*** Opening RECORDS FOR THIS TASK ***

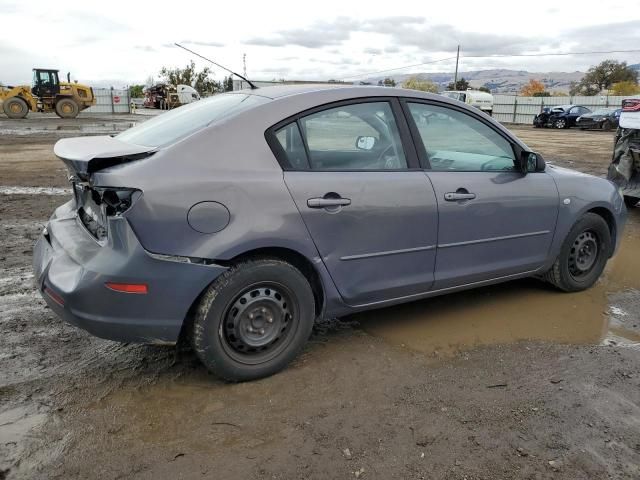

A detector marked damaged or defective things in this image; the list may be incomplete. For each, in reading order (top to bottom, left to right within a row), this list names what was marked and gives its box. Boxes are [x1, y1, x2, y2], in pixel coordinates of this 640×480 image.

damaged rear bumper [33, 201, 228, 344]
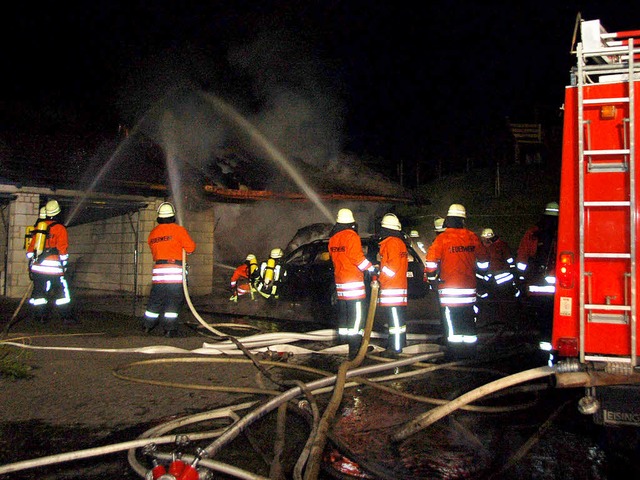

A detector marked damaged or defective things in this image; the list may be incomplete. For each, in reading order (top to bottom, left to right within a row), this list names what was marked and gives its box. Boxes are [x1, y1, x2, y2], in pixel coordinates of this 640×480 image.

burned car [278, 234, 424, 320]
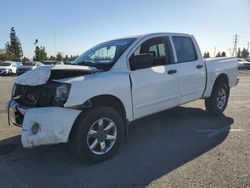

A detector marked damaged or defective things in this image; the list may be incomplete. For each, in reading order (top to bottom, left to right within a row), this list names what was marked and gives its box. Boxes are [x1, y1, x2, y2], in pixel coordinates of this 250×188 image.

crumpled hood [14, 64, 96, 85]
broken headlight [54, 82, 70, 106]
damaged front end [7, 65, 95, 148]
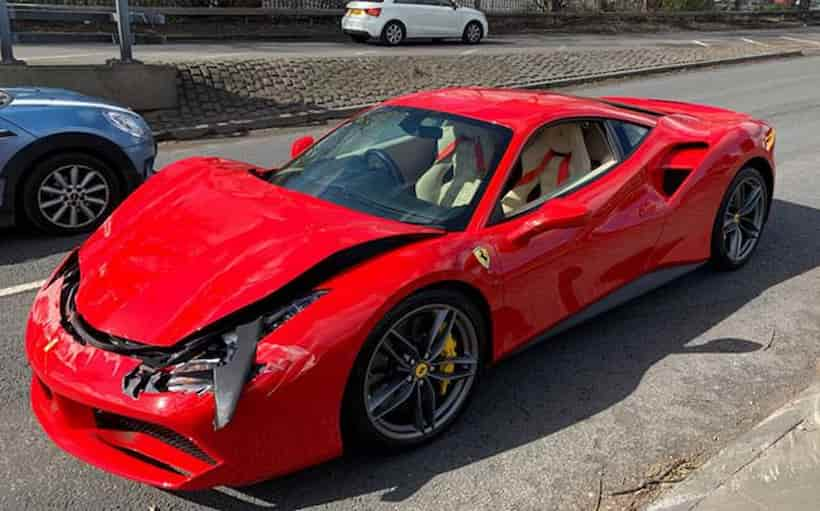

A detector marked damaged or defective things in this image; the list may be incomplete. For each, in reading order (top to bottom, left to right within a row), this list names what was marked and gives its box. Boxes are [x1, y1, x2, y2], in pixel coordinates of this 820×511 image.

damaged front bumper [26, 266, 346, 490]
broken headlight [121, 292, 326, 400]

*** Closing RECORDS FOR THIS TASK ***

- EXERCISE BRIEF -
Return the lines from the one that contains "this 250×188 image." through the final line of the listing above, inclusive. Transcribe them exactly and drop the pictures.

- COMPLETED TASK -
A detector marked damaged or defective things in this image; the list may be incomplete. For each, in reading order (top to bottom, left to right within a row), this list names what was marked and gives its box. Boxes are [x1, y1, x2, y2], in pixel coordinates of this 250×188 image.

crumpled hood [14, 64, 96, 85]
broken headlight [54, 82, 70, 106]
damaged front end [7, 65, 95, 148]

A detector marked damaged or defective things in this image; the list may be incomplete. For each, in reading order (top to bottom, left to right within a row), this list names what was marked and gives its box. Boxes are [x1, y1, x2, y2], in pixel coordinates of this 820×511 image.

damaged front bumper [26, 266, 346, 490]
broken headlight [121, 292, 326, 400]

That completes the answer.